Interdite, je fixai ses clés dans ma main.
— Il accepterait n’importe quoi venant de vous, poursuivit-il. Et il en a besoin. Vous aussi d’ailleurs.
— Marthe… vous n’aurez pas d’ennuis ?
— Je m’occupe d’elle, ne vous inquiétez pas.
En me retrouvant dans la rue, j’inspirai profondément, contemplai le ciel. Je m’accordai quelques secondes. Je reprenais ma liberté. J’étais en sécurité. J’étais seule, et je décidais de la direction que j’allais prendre. Je remerciai ma mémoire géographique et mon sens de l’orientation. Je n’étais jamais allée chez lui, j’étais simplement passée devant son immeuble, un soir, en taxi ; son adresse était pourtant incrustée au plus profond de ma mémoire.

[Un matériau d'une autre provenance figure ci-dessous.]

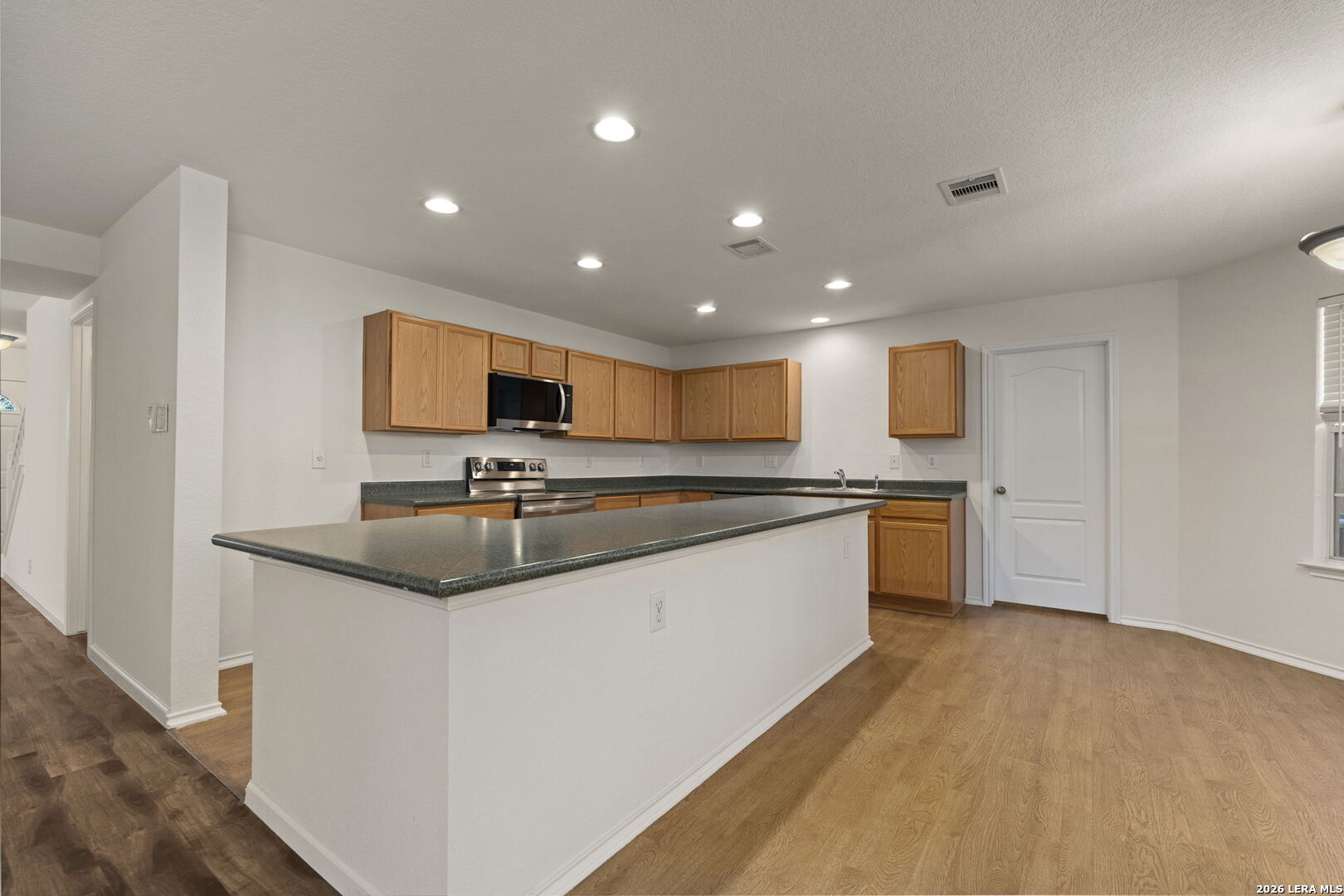 710 Barrow Peak, San Antonio, TX 78251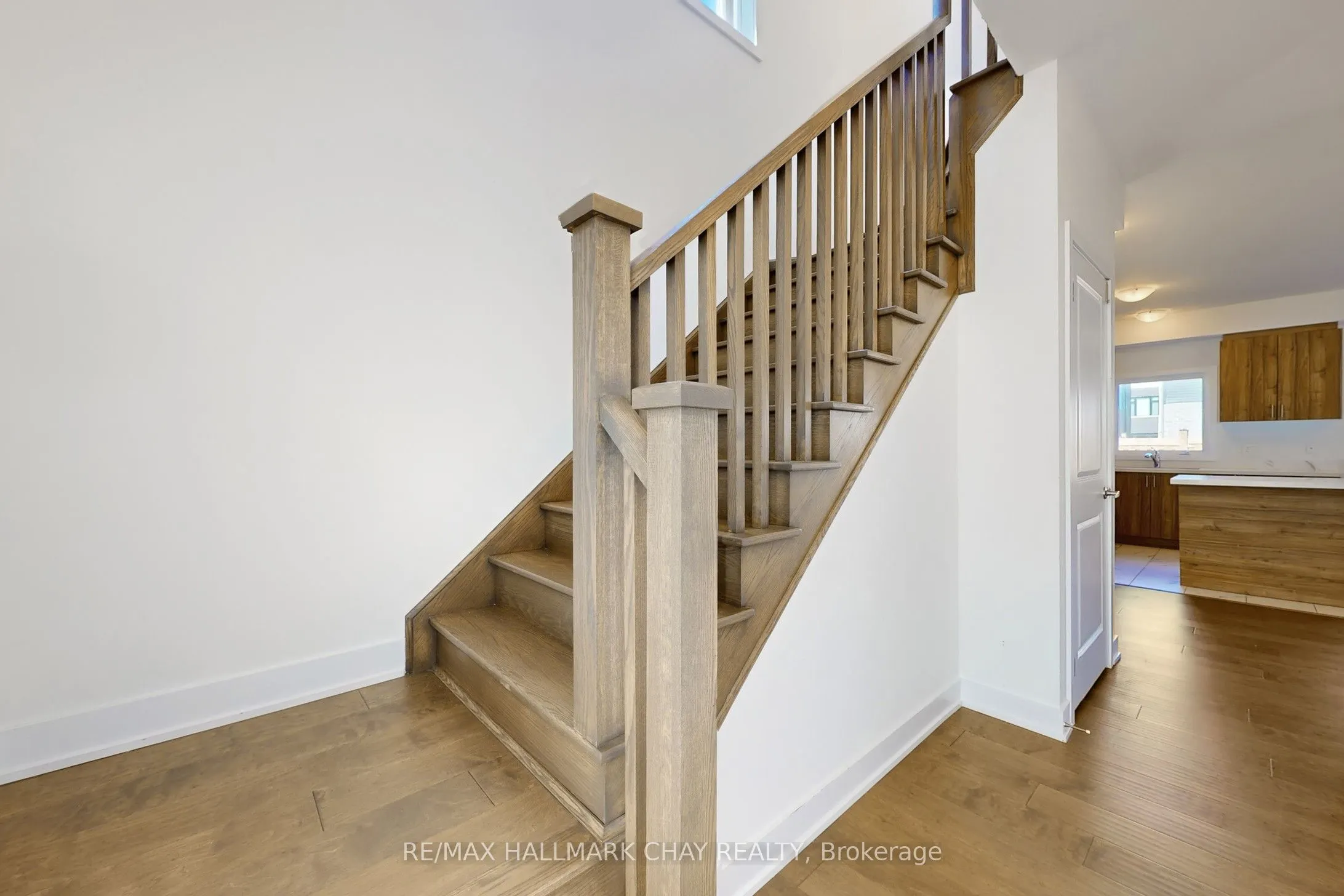37 Turnberry Lane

Je marchai. Je marchai. Je marchai dans les rues de Paris. Opéra. Boulevard Haussmann… Rien n’aurait pu m’arrêter. J’étais dans un film où les passants me faisaient une haie d’honneur. Ils me frôlaient, je les bousculais sans les sentir, je ne distinguais aucun visage. Ils n’étaient que silhouettes sur le trottoir des grands magasins. Gabriel était en danger, je le sentais dans ma chair. Je le défendrais, je le guérirais, je le forcerais à m’écouter, à s’ouvrir.